A quadratic form $q$ is defined in terms a symmetric bilinear form $f$ by $q(\mathbf{v}):=f(\mathbf{v},\mathbf{v}).$ However, this definition seems too restrictive. Why must $f$ be symmetric? Even if $f$ were a non-symmetric bilinear form, $q$ could still be defined in terms of $f$ and would still have the defining property of quadratic forms, namely that,
In mathematics, a quadratic form is a polynomial with terms all of degree two.
Any clarifications are welcomed, thank you.
Actually it's the opposite: the non-symmetric part of the bilinear form is redundant. Any bilinear form $B(u, v)$ has a canonical decomposition (over a field of characteristic $\neq 2$) into a symmetric part and a skew-symmetric part
$$B(u, v) = \frac{B(u, v) + B(v, u)}{2} + \frac{B(u, v) - B(v, u)}{2}$$
and the skew-symmetric part of $B$ does not contribute to $Q(v) = B(v, v)$ at all, so can be safely ignored. That is, if we write $S(u, v)$ for the symmetric part, then $B(v, v) = S(v, v)$. This is why we define quadratic forms using only symmetric bilinear forms.

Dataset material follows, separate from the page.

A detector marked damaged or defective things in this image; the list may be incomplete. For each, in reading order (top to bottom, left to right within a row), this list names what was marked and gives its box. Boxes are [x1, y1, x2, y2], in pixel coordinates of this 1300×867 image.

The symmetric part can be recovered from the quadratic form $Q$ as the polarization $\frac{Q(u + v) - Q(u) - Q(v)}{2}$ so the quadratic form and the symmetric bilinear form are two different ways of talking about the same thing.

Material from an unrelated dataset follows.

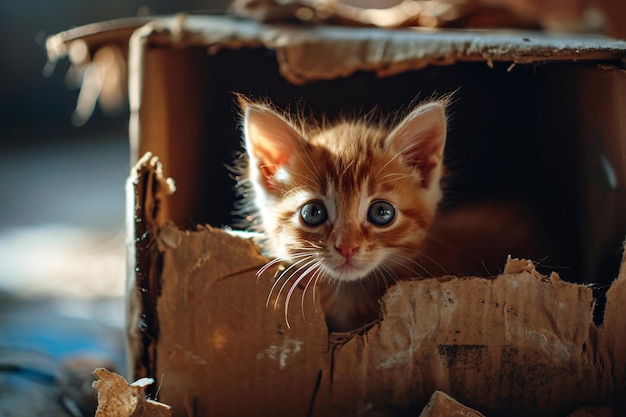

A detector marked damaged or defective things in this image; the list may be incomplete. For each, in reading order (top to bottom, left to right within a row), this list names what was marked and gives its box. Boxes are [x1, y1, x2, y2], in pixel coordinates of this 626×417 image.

You can work this out quite explicitly for two variables, for example: here the vector space of quadratic forms is $3$-dimensional with basis $\{ x^2, xy, y^2 \}$ and the vector space of symmetric bilinear forms is also $3$-dimensional and can be identified with the vector space of symmetric matrices, with basis
$$\left\{ \left[ \begin{array}{cc} 1 & 0 \\ 0 & 0 \end{array} \right], \left[ \begin{array}{cc} 0 & 1 \\ 1 & 0 \end{array} \right], \left[ \begin{array}{cc} 0 & 0 \\ 0 & 1 \end{array} \right] \right\}$$
and these correspond to the quadratic forms $x^2, 2xy, y^2$ respectively. Meanwhile the vector space of skew-symmetric forms is $1$-dimensional with basis $\left[ \begin{array}{cc} 0 & 1 \\ -1 & 0 \end{array} \right]$ and the corresponding quadratic form is identically zero.
(There are additional subtleties if the field has characteristic $2$ because we can no longer perform the division by $2$ necessary for the formulas above, but on a first pass we can safely ignore them. Most people will never need to deal with them.)